II-) Türk Kanunu Medenîsi:

C HÂKİMİN MÜDAHALESİ

I. Himaye tedbirleri

Madde 272

Ana ve baba, vazifelerini ifa etmedikleri takdirde hâkim, çocuğun himayesi için muktazi tedbirleri ittihaz ile mükelleftir.

III-) Madde Gerekçesi:

Yürürlükteki Kanunun 272 nci maddesini karşılayan bu madde, 1984 tarihli Öntasarının 263 üncü maddesinden bazı ufak ifade değişiklikleri yapılmak suretiyle alınmıştır.

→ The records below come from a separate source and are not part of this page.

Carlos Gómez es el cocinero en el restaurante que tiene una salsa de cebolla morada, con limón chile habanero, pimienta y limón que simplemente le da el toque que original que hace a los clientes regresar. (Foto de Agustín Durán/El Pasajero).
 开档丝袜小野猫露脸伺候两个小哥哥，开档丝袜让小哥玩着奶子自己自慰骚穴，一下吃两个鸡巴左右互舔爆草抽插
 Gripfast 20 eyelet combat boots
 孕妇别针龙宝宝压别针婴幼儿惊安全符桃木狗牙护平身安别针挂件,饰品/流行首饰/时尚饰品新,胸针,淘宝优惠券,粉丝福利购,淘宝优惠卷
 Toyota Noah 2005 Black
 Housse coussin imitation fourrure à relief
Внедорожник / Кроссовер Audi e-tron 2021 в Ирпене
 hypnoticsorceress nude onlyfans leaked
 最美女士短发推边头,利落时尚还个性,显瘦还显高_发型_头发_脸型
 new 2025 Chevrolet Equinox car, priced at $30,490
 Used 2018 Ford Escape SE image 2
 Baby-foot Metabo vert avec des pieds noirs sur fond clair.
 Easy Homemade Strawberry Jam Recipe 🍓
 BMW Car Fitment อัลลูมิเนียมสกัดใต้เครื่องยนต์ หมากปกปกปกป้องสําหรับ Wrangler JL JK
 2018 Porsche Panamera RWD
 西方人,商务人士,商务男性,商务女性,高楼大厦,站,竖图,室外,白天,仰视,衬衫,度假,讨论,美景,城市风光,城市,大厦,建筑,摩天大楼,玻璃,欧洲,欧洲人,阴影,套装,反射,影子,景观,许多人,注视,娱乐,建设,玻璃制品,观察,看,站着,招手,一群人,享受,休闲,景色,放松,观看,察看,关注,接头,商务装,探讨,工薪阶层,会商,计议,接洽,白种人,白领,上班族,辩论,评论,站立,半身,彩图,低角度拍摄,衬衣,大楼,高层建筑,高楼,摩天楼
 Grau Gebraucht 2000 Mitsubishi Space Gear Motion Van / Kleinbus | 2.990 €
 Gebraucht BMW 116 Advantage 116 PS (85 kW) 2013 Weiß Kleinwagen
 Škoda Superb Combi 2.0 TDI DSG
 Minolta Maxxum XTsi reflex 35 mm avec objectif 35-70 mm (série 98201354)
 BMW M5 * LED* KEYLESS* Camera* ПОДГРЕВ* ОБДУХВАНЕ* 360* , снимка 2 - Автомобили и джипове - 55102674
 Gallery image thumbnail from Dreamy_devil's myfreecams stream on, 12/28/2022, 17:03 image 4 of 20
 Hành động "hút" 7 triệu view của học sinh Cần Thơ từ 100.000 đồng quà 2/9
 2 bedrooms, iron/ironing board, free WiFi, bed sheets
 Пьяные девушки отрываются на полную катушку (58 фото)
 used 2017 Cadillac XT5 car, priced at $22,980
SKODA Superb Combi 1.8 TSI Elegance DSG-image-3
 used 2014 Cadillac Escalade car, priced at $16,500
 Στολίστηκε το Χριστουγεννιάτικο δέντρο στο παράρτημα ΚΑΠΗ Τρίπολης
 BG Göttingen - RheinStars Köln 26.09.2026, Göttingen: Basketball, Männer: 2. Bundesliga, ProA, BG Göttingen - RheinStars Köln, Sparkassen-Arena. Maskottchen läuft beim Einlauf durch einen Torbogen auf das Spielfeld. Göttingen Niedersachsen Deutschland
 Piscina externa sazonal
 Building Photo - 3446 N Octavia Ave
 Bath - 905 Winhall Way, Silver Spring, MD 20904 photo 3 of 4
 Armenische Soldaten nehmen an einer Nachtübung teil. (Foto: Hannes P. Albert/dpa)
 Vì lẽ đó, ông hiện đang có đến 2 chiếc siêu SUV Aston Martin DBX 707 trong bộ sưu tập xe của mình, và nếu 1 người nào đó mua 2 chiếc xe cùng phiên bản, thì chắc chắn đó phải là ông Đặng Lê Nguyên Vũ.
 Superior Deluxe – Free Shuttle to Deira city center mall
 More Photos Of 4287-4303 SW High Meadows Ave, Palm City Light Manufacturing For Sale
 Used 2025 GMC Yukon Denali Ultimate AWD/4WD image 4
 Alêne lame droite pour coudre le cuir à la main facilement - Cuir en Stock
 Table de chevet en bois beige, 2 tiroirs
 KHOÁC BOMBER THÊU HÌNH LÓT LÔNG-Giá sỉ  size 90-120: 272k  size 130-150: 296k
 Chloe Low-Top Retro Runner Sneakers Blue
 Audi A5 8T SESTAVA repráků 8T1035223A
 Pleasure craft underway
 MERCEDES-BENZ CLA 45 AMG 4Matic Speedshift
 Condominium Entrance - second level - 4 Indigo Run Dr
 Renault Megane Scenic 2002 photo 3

Yürürlükteki metinde yer alan ana ve babanın “vazifelerini ifa etmemeleri” koşulu dar görülmüş ve çocuğun menfaati ve gelişmesinin tehlikeye düşmesi, ana ve babanın bu duruma çare bulamamaları veya buna güçlerinin yetmemesi hâlini de kapsayacak şekilde daha geniş bir ifade şekli tercih edilmiştir.

IV-) Kaynak İsviçre Medenî Kanunu:

1-) ZGB:

C. Kindesschutz

I. Geeignete Massnahmen

Art. 307

1 Ist das Wohl des Kindes gefährdet und sorgen die Eltern nicht von sich aus für Abhilfe oder sind sie dazu ausserstande, so trifft die Vormundschaftsbehörde die geeigneten Massnahmen zum Schutz des Kindes.

2 Die Vormundschaftsbehörde ist dazu auch gegenüber Kindern verpflichtet, die bei Pflegeeltern untergebracht sind oder sonst ausserhalb der häuslichen Gemeinschaft der Eltern leben.

3 Sie kann insbesondere die Eltern, die Pflegeeltern oder das Kind ermahnen, ihnen bestimmte Weisungen für die Pflege, Erziehung oder Ausbildung erteilen und eine geeignete Person oder Stelle bestimmen, der Einblick und Auskunft zu geben ist.

2-) CCS:

C. Protection de l’enfant

I. Mesures protectrices

Art. 307

1 L’autorité tutélaire prend les mesures nécessaires pour protéger l’enfant si son développement est menacé et que les père et mère n’y remédient pas d’eux-mêmes ou soient hors d’état de le faire.

2 Elle y est également tenue dans les mêmes circonstances à l’égard des enfants placés chez des parents nourriciers ou vivant, dans d’autres cas, hors de la communauté familiale de leur père et mère.

3 Elle peut, en particulier, rappeler les père et mère, les parents nourriciers ou l’enfant à leurs devoirs, donner des indications ou instructions relatives au soin, à l’éducation et à la formation de l’enfant, et désigner une personne ou un office qualifiés qui aura un droit de regard et d’information.

 

Not: Türk Medenî Kanunu’nun 346. maddesi, İsviçre Medenî Kanunu’nun 307. maddesinin 1. fıkrasına tekabül etmektedir.

V-) Yararlanılabilecek Monografiler:

Gülçin Elçin Grassinger; Türk Medeni Kanununda Yer Alan Velayet Hükümleri Kapsamında Küçüğün Kişi Varlığının Korunması İçin Alınacak Tedbirler, İstanbul, 2009.